Aparecieron a la vez todas las pruebas, su corazón le dio un vuelco. La llama de la chimenea hacía temblar en el techo una claridad alegre; ella se volvió de espalda estirando los brazos. Entonces comenzó la eterna lamentación: ¡Oh!, ¡si el cielo lo hubiese querido! ¿Por qué no puede ser? ¿Quién lo impedía, pues?…
Cuando Carlos volvió a casa a medianoche, Emma fingió despertarse, y, como él hizo ruido al desnudarse, ella se quejó de jaqueca; después preguntó con indiferencia cómo había transcurrido la velada.
—El señor León —dijo él— se marchó temprano.
Ella no pudo evitar una sonrisa y se durmió con el alma llena de un encanto nuevo.
Al día siguiente, al caer la tarde, recibió la visita de un tal Lheureux, que tenía una tienda de novedades. Era un hombre hábil este tendero. Gascón de nacimiento, pero normando de adopción, unía su facundia meridional a la cautela de las gentes de Caux. Su cara gorda, blanda y sin barba, parecía teñida por un cocimiento de regaliz claro, y su pelo blanco avivaba aún más el brillo rudo de sus ojillos negros. No se sabía lo que había sido antes: buhonero, decían unos, banquero en Routot, afirmaban otros. Lo cierto es que hacía, mentalmente, unos cálculos complicados, que asustaban al propio Binet. Amable hasta la obsequiosidad, permanecía siempre con la espalda inclinada, en la actitud de alguien que saluda o que invita.
Después de haber dejado en la puerta su sombrero adornado con un crespón, puso sobre la mesa una caja verde, y empezó a quejarse a la señora, con mucha cortesía, de no haber merecido hasta entonces su confianza. Una pobre tienda como la suya no estaba hecha para atraer a una «elegante»; subrayó la palabra. Ella no tenía, sin embargo, más que pedir, y él se encargaría de proporcionarle lo que quisiera, tanto en mercería como en ropa blanca, sombrerería o novedades, pues iba a la ciudad cuatro veces al mes, regularmente. Estaba en relación con las casas más fuertes. Podían dar referencias de él en los «Trois Frères», en «La Barbe d'Or» o en el «Grand Sauvage»; ¡todos estos señores le conocían como a sus propios bolsillos! Hoy venía a enseñar a la señora, de paso, varios artículos de que disponía gracias a una ocasión excepcional, y sacó de la caja media docena de cuellos bordados.
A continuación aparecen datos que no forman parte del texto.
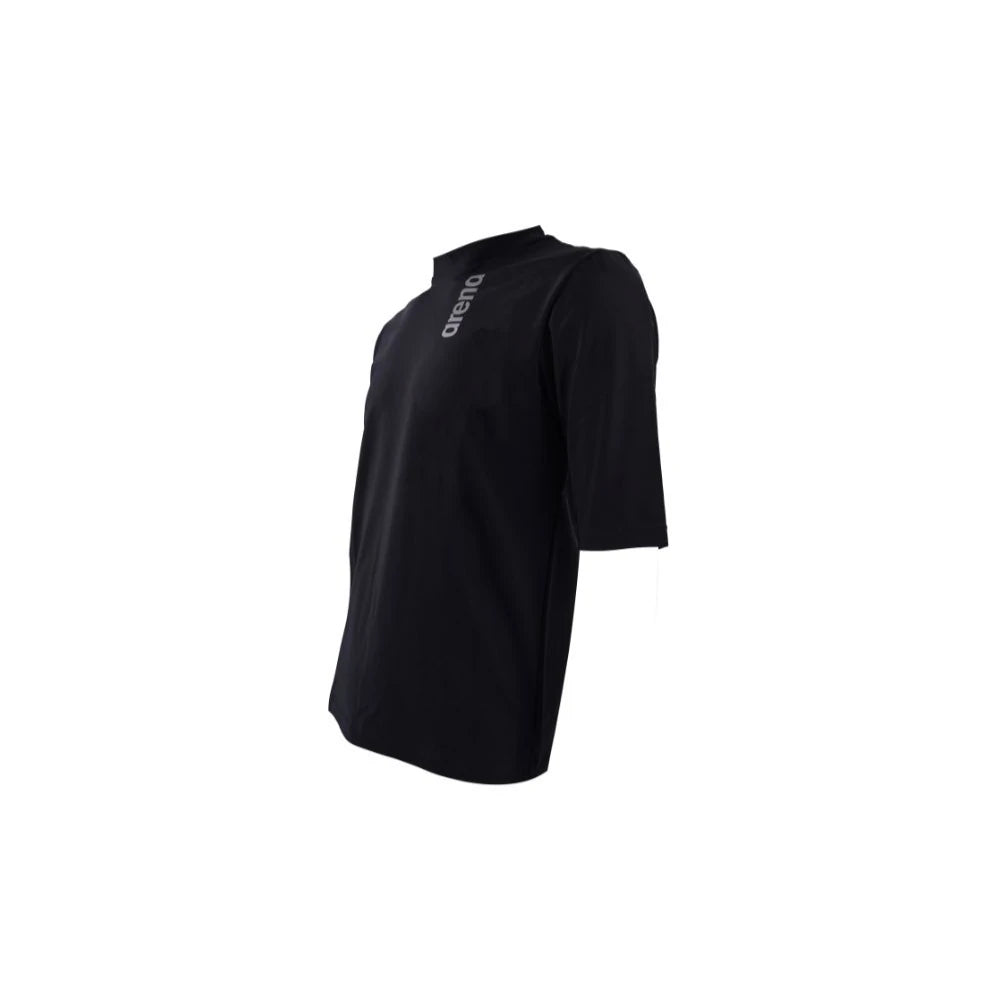 ARENA MEN SHORT SLEEVE RASH GUARD น้ำหนักเบา ยืดหยุ่น และแห้งเร็ว | AAMTR11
Madame Bovary los examinó.
—No necesito nada —le dijo.
Entonces el señor Lheureux le mostró delicadamente tres echarpes argelinos, varios paquetes de agujas inglesas, un par de zapatillas de paja, y, finalmente, cuatro hueveros de coco, cincelados a mano por presidiarios. Después, con las dos manos sobre la mesa, el cuello estirado, la cintura inclinada, seguía con la boca abierta la mirada de Emma que se paseaba indecisa entre aquellas mercancías. De vez en cuando, como para limpiar el polvo, daba un golpe con la uña a la seda de los echarpes, que desplegados en toda su longitud temblaban con un ruido ligero, haciendo centellear a la luz verdosa del crepúsculo, como pequeñas estrellas, las lentejuelas de oro del tejido.